Miners dump Bitcoin in anticipation of the halving
For the bulk of crypto-enthusiasts, halving is a positive phenomenon, as halving Bitcoin issuance leads to a lower supply and higher prices. Historically, the price triples or more 6-18 months after halving.
But this has significant implications for Bitcoin miners, as they experience a corresponding reduction in their revenue stream. The situation is exacerbated by stiff competition, which translates into a lack of meaningful yield growth from the hashrate, despite Bitcoin's excellent performance over the past 12 months. Last March, the price was $0.06 per terahash per day, but now it's just $0.09 TH/D.
Before institutional capital entered the market (in the era of 'balcony mining'), the price reached $3.5 TH/D. Now publicly traded mining companies account for a quarter of the global network capacity, and their share continues to grow.
To maximize profits, they build power plants with renewable-sourced energy or connect directly (not via distribution grids) to nuclear power plants. At the same time, they are continuing to aggressively increase production capacity, which leads to an increase in difficulty and eats up much of the profit from Bitcoin's growth (Bitcoin uses a mechanism called difficulty adjustment to ensure a constant mining speed of 10 minutes per block).
Mining companies are fighting hard for every cent: some have managed to get the best energy rates, others have built optimal logistics between departments, and others have bought equipment from bankrupt colleagues at throwaway prices. In any case, halving will put some of them in an extremely difficult position.
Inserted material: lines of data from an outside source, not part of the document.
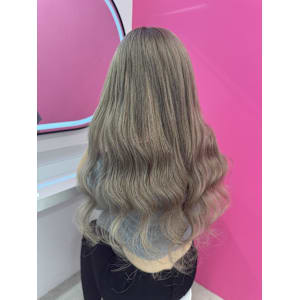 大人ギャルなアッシュベージュ♪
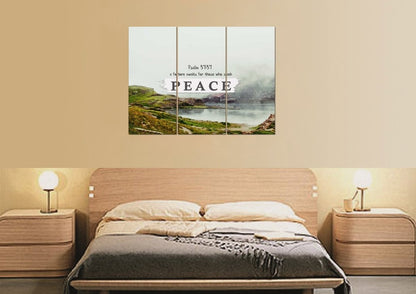 Psalm 3737 Canvas Wall Art Print - Christian Canvas Wall Art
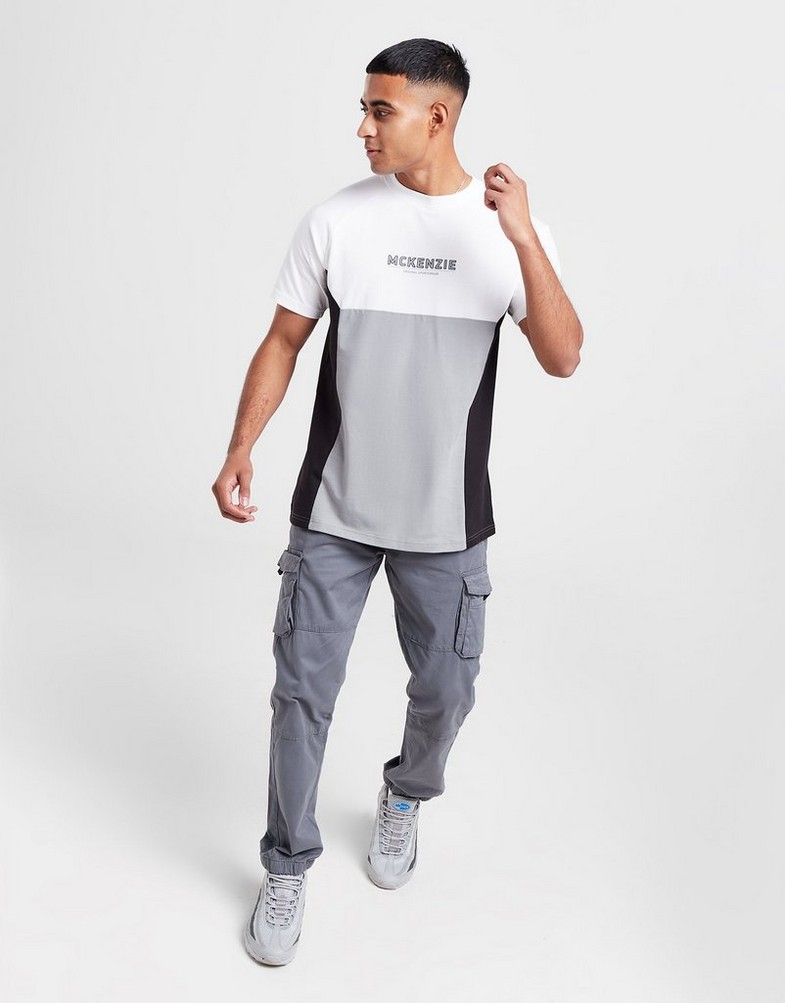 Мъжка тениска MCKENZIE ТЕНИСКА CAST TEE WHT MCKTM16091010 Бял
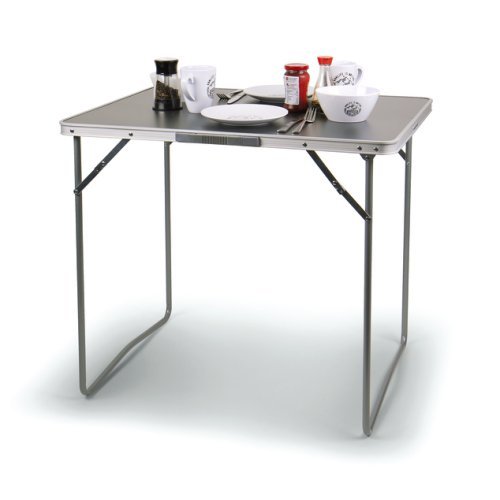 Camping table Jesper - 80 x 69 x 60 cm - Dark Grey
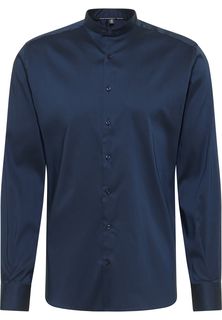 Рубашка мужская ETERNA 3372-19-X08S синяя 40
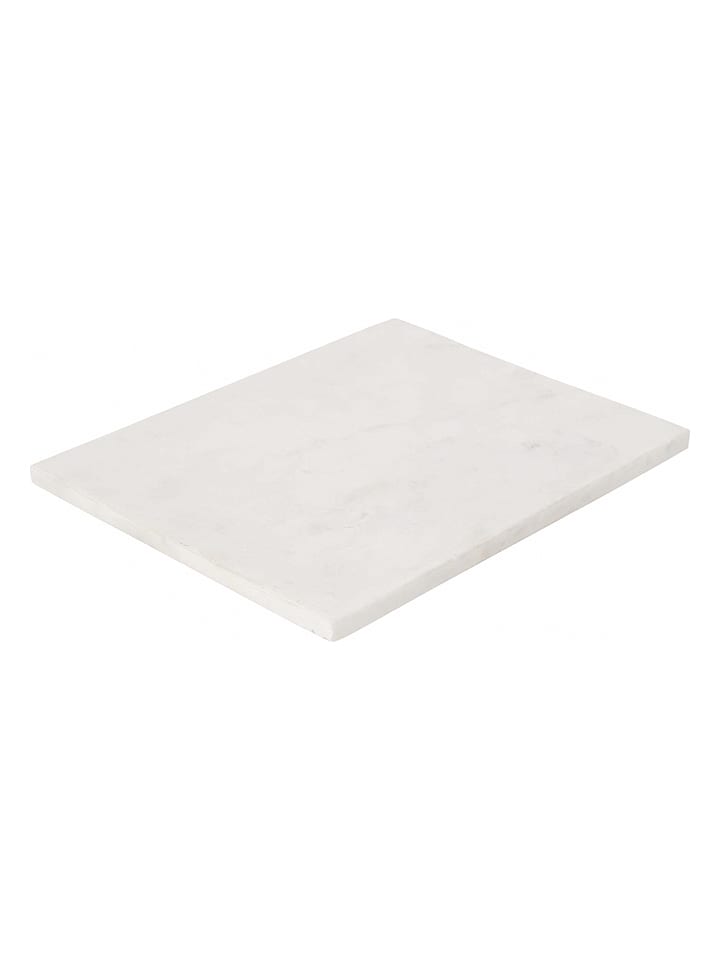 Bahne Tablett in Weiß - (L)28 x (B)21,5 cm günstig kaufen onesize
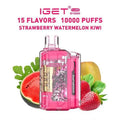 IGET FLARE B10000 – Strawberry Watermelon Kiwi - Vape Shop Uttarakhand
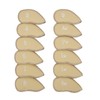 Golf Iron Head Cover Set of 12 Pieces, Thick Synthetic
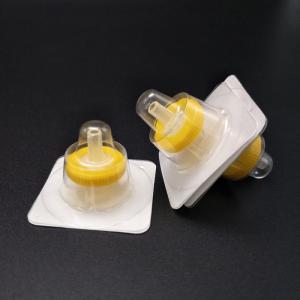 Pre-sterilized syringe filters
For this reason, most have unloaded reserves and are selling Bitcoin to build a financial cushion. Over the past 12 months, miners' reserves have been reduced by 26,000 Bitcoins. BTC (~$1.6 billion) to 1.823 million BTC.
For the same reason, JPMorgan predicts Bitcoin will fall to $42,000 post-halving, as the first wave of hype around ETFs subsides and miners start selling with renewed vigor due to lower yields.
The $42,000 prognosis is also supported by the fact that the average cost of mining after halving for public mining companies is approximately at this level.